Flyers revisiting their roots in NIT

Just the mention of it made Don Donoher perk up. He wrapped himself in the memory for a few seconds, smiled and finally said: “All these years later and I remember it like it was yesterday. It was like going on some game show now and winning a trip to Disney World.”

The former Dayton Flyers player and legendary UD coach was talking about his first trip to the National Invitational Tournament at Madison Square Garden. He was a sophomore on coach Tom Blackburn’s 1951-52 team that made it to the NIT title game for the second year in a row.

“I’d never been on an airplane before,” he said. “And once we got to Manhattan, well, here’s the itinerary.

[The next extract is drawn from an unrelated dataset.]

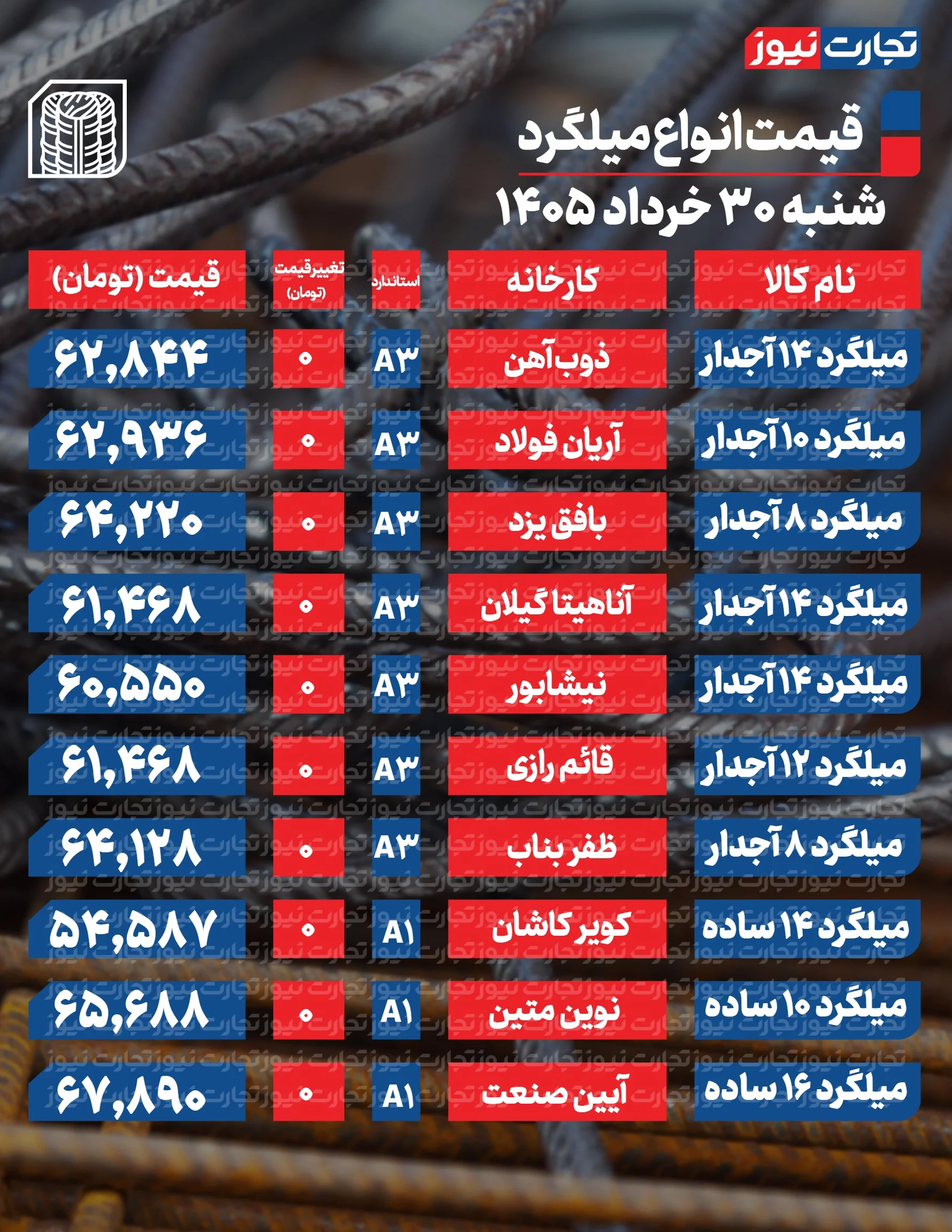 قیمت میلگرد امروز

“We come in on a Friday night and right off we head to the Garden as guests of the Friday Night Fights. The next night we played an opening-round game at the Garden and then on Sunday after our practice and team meal, the Garden had us over again to see the New York Rangers.

“You’ve got to remember back then coaches didn’t have all the technology we have today. So you weren’t locked up in a room watching videotape and breaking down film.

“Come Monday and Tuesday, you played in one of the quarterfinals and you watched the other doubleheader. Wednesday night after practice we went to a Broadway play. Thursday we played in the semifinal. Friday night it was back to the fights and then Saturday we played for the title.

“Sunday you get on the plane and you wonder, ‘Was I dreaming all this?’ But then you get back to Dayton and you know. You’ve become a local hero.”

As the current Dayton Flyers head off to New York City today, March 28 — where they’ll meet Mississippi in an NIT semifinal Tuesday night and, in the process, renew a cherished tradition between the school, this town and the tournament — the guy to talk to is Donoher.

No other person in Dayton has quite the relationship with the NIT that he does. He was a UD player when Dayton made its first three trips to the tournament. Then, as the Flyers coach, he took seven different teams to the NIT and won the tournament in 1968 after a season, he said, “that has so many similarities to this season, it’s unbelievable.”

A fervor unmatched

Started in 1938, the NIT is a year older than the NCAA Tournament and for a couple of decades — with a better TV contract and a marquee setting — it was more prestigious.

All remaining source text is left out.